_Recorded data_
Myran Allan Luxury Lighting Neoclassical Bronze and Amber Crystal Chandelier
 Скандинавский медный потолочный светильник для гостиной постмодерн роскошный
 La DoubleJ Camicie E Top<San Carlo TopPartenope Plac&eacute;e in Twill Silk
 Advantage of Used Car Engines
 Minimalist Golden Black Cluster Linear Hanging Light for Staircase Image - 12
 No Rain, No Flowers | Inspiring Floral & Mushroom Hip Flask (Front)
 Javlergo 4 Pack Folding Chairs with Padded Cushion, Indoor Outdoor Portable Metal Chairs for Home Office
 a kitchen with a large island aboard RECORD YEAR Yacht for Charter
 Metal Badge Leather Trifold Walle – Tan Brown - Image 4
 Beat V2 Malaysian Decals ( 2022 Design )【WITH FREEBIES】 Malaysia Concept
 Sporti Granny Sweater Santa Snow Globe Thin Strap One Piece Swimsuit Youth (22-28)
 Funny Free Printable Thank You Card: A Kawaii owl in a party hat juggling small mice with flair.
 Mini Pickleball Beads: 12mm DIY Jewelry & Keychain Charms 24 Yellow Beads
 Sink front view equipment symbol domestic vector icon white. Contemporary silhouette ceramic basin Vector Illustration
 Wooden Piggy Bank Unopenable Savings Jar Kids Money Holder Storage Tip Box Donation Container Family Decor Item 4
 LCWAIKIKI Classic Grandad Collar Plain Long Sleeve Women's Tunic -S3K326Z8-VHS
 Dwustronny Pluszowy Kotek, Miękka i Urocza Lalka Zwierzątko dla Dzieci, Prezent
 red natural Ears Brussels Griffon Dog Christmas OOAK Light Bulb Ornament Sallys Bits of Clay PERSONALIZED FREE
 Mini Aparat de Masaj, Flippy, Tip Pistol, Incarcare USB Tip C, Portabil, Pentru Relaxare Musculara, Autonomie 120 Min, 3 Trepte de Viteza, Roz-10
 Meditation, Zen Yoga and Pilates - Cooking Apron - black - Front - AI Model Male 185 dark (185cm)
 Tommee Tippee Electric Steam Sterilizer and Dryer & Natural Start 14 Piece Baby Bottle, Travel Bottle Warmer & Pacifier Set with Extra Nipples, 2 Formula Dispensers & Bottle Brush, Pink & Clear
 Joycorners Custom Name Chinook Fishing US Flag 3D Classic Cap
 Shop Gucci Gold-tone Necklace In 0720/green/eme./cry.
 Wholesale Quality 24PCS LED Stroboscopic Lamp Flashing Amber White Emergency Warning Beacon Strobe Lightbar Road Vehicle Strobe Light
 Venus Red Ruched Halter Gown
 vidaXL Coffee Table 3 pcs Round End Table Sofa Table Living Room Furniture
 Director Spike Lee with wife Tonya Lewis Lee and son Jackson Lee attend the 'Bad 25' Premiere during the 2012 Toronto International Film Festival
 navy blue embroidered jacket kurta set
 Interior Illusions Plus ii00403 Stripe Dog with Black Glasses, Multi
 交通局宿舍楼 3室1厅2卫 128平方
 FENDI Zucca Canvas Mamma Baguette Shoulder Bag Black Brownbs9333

_Task brief_
Transcribe the material above. Change nothing in it.

_Solution for this problem_
Myran Allan Luxury Lighting Neoclassical Bronze and Amber Crystal Chandelier
 Скандинавский медный потолочный светильник для гостиной постмодерн роскошный
 La DoubleJ Camicie E Top<San Carlo TopPartenope Plac&eacute;e in Twill Silk
 Advantage of Used Car Engines
 Minimalist Golden Black Cluster Linear Hanging Light for Staircase Image - 12
 No Rain, No Flowers | Inspiring Floral & Mushroom Hip Flask (Front)
 Javlergo 4 Pack Folding Chairs with Padded Cushion, Indoor Outdoor Portable Metal Chairs for Home Office
 a kitchen with a large island aboard RECORD YEAR Yacht for Charter
 Metal Badge Leather Trifold Walle – Tan Brown - Image 4
 Beat V2 Malaysian Decals ( 2022 Design )【WITH FREEBIES】 Malaysia Concept
 Sporti Granny Sweater Santa Snow Globe Thin Strap One Piece Swimsuit Youth (22-28)
 Funny Free Printable Thank You Card: A Kawaii owl in a party hat juggling small mice with flair.
 Mini Pickleball Beads: 12mm DIY Jewelry & Keychain Charms 24 Yellow Beads
 Sink front view equipment symbol domestic vector icon white. Contemporary silhouette ceramic basin Vector Illustration
 Wooden Piggy Bank Unopenable Savings Jar Kids Money Holder Storage Tip Box Donation Container Family Decor Item 4
 LCWAIKIKI Classic Grandad Collar Plain Long Sleeve Women's Tunic -S3K326Z8-VHS
 Dwustronny Pluszowy Kotek, Miękka i Urocza Lalka Zwierzątko dla Dzieci, Prezent
 red natural Ears Brussels Griffon Dog Christmas OOAK Light Bulb Ornament Sallys Bits of Clay PERSONALIZED FREE
 Mini Aparat de Masaj, Flippy, Tip Pistol, Incarcare USB Tip C, Portabil, Pentru Relaxare Musculara, Autonomie 120 Min, 3 Trepte de Viteza, Roz-10
 Meditation, Zen Yoga and Pilates - Cooking Apron - black - Front - AI Model Male 185 dark (185cm)
 Tommee Tippee Electric Steam Sterilizer and Dryer & Natural Start 14 Piece Baby Bottle, Travel Bottle Warmer & Pacifier Set with Extra Nipples, 2 Formula Dispensers & Bottle Brush, Pink & Clear
 Joycorners Custom Name Chinook Fishing US Flag 3D Classic Cap
 Shop Gucci Gold-tone Necklace In 0720/green/eme./cry.
 Wholesale Quality 24PCS LED Stroboscopic Lamp Flashing Amber White Emergency Warning Beacon Strobe Lightbar Road Vehicle Strobe Light
 Venus Red Ruched Halter Gown
 vidaXL Coffee Table 3 pcs Round End Table Sofa Table Living Room Furniture
 Director Spike Lee with wife Tonya Lewis Lee and son Jackson Lee attend the 'Bad 25' Premiere during the 2012 Toronto International Film Festival
 navy blue embroidered jacket kurta set
 Interior Illusions Plus ii00403 Stripe Dog with Black Glasses, Multi
 交通局宿舍楼 3室1厅2卫 128平方
 FENDI Zucca Canvas Mamma Baguette Shoulder Bag Black Brownbs9333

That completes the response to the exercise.